Now onto the next point, does this challenge have arbitrary scoring? I would argue yes. Back In round 7, my entry did poorly scoring under 80. Now is that score fair, yes. Was it fair that it was touted to have poor handling, yet had one of the highest driveability in class? No. And just in case anyone thinks I’m just being salty that my car scored poorly, I know it had poor reliability and had mediocre stats else where. What I’m pointing out is that my car had poor handling despite being one of the best on driveability. You know why it was touted as having poor handling? Because a barge had better lateral gs than me entry. If that isn’t arbitrary I don’t know what is. I get that flavour text is needed, but ffs make sure it isn’t something stupid. You could have said it was unreliable, poor value for money, literally anything but poor handling, yet that was what was said. Not only was it wrong, it was misleading. I read the round 7 review on when I was away from my PC, and I assumed that I had lower driveability than the rest, only to find out later it was pretty normal.
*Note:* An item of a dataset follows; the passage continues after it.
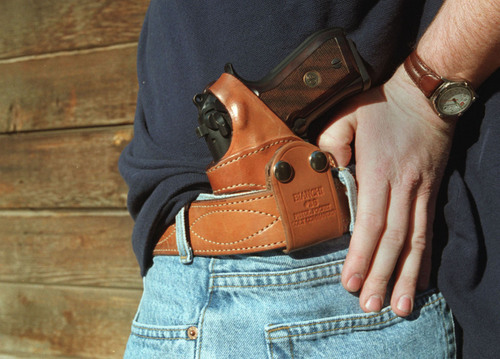 A Beretta 9mm tucked into a waistband holster.  The shirt can be flipped over the entire holster to conceal the weapon.  Al Hartman  |  Tribune File Photo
Next onto how people minmaxing and using incredibly advanced tech. I know Vic said he cant actually ban people using advanced tech, and I agree. But at least do something more than just “you have to use cars that are old and you cant make totally new cars each round”. That doesn’t solve the issue it hides it under a rug. I’ve already said this, but taking ET into consideration would be a surefire way to mitigate the number of people using highly advanced tech early on. Also handing out more penalties for using vastly advanced tech. IIRC there was only one time where this happened, back when TSR first entered, but nothing else since. I have no doubt that some of the basic cars entered into round 9 had multi point fuel injection, despite the fact that it would have been an incredibly rare sight to see, or in the rounds prior to that using mechanical injection. Point is, not enough is being done to attempt to dissuade those from using really advanced tech in their cars. If nothing is done to change this, I expect to see direct injection being used in early 2000 shitboxes.
It’s a non-issue really, because the car would have scored so bad anyway. Nobody lost anything, there was only gain for the user submitting the car.
Vic is doing great work managing this competition and mistakes are human. He accepted the mistake. Let’s move on.
Also @Dorifto_Dorito, drivability means how easy the car to drive. Handling might be part of that but it doesn’t need to be. Some older cars were very drivable in every day life, but if you took a corner at 50mph they’d keel over. They had bad high speed handling but were excellent commutors. Likewise an old Cadillac was extremely drivable and luxurious, but handled like a boat.